7. Labeling the predictions

#considering 0 Corresponds to 'Iris-setosa'
#1 to 'Iris-versicolour'
#2 to 'Iris-virginica'
y_kmeans = np.where(y_kmeans==0, 'Iris-setosa', y_kmeans)
y_kmeans = np.where(y_kmeans=='1', 'Iris-versicolour', y_kmeans)
y_kmeans = np.where(y_kmeans=='2', 'Iris-virginica', y_kmeans)
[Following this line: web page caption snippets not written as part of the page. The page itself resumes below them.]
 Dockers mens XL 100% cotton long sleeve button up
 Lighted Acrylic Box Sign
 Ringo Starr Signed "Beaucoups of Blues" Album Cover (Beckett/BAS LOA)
8. Adding the prediction to the dataset

data_with_clusters = iris_df.copy()
data_with_clusters["Cluster"] = y_kmeans
print(data_with_clusters.head(5))

9. Bar plot-Cluster Distribution

# Bar plot
sns.set_style('darkgrid')
sns.barplot(x = data_with_clusters["Cluster"] .unique(),
            y = data_with_clusters["Cluster"] .value_counts(),
            palette=sns.color_palette(["#e74c3c", "#34495e", "#2ecc71"]));

10. Pair Plot

### hue = species colours plot as per species
### It will give 3 colours in the plot

sns.set_style('whitegrid')   ### Sets grid style
sns.pairplot(data_with_clusters,hue = 'Cluster');

11. PairPlot insights

petal-length and petal-width seem to be positively correlated (seem to be having a linear relationship).
Iris-Setosa seems to have smaller petal length and petal width as compared to others.
Looking at the overall scenario, it seems to be the case that Iris-Setosa has smaller dimensions than other flowers.